Question

According to Einstein’s equation $$E=m{c}^2$$, E represents the rest mass energy of an object with rest mass m, c is the speed of light in vacuum, and it given by $$2.998\times {10}^{8}m/s$$. Find the rest mass energy of an electron whose rest mass is $$9.11\times {10}^{-31}kg$$.
(A) $$8.18817\times {10}^{-14}J$$
(B) $$8.18807\times {10}^{-14}J$$
(C) $$8.18907\times {10}^{-14}J$$
(D) $$8.19807\times {10}^{-14}J$$

Answer 1

Hint:Substitute the given quantities of mass of electron and speed of light in vacuum in the given formula for rest mass energy. The Einstein equation, $$E=m{c}^2$$ is applicable for any particle of non zero mass.

Formula used:
$$E=m{c}^2$$
Here, E represents the rest mass energy of an object with rest mass m, c is the speed of light in vacuum.

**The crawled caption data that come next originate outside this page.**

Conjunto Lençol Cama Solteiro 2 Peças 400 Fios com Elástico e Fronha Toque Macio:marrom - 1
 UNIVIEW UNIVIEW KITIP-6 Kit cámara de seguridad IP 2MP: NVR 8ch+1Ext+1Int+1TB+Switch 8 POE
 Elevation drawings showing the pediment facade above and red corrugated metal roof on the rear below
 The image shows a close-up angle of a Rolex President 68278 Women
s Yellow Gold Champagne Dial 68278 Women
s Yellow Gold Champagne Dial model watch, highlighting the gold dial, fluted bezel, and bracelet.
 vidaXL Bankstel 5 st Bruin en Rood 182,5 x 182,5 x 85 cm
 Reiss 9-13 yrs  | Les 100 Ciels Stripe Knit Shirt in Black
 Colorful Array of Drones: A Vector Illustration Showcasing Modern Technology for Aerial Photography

Complete step by step answer:
We have given that the rest mass energy of the object is given as,
$$E=m{c}^2$$
Here, m is the mass of the object and c is the speed of light.
We can determine the rest mass energy of the electron by substituting $$9.11\times {10}^{-31}kg$$ for m and $$2.998\times {10}^{8}m/s$$ for c in the above equation.
$$E=\left(9.11\times {10}^{-31}\right){\left(2.998\times {10}^8\right)}^2$$
$$\therefore E=8.18807\times {10}^{-14}J$$

So, the correct answer is option (B).

Additional information:
Einstein proposed the concept of rest mass energy $$E=m{c}^2$$. This is the energy stored in any object due to its state of rest position. The energy confined in this object is due to the fact that it has a mass. Every object with mass has rest mass energy. We know that the rest mass of the photon is zero. Therefore, the photon has no rest mass energy. The term rest mass energy is essential to determine the kinetic energy of the objects with speed compared to the speed of light.

Note:The rest mass energy possessed by the object is constant even if it is moving. Since the speed of light is constant, the rest mass energy only depends on the mass of the object. The rest mass of the photon is zero. Therefore, the photon has zero rest mass energy.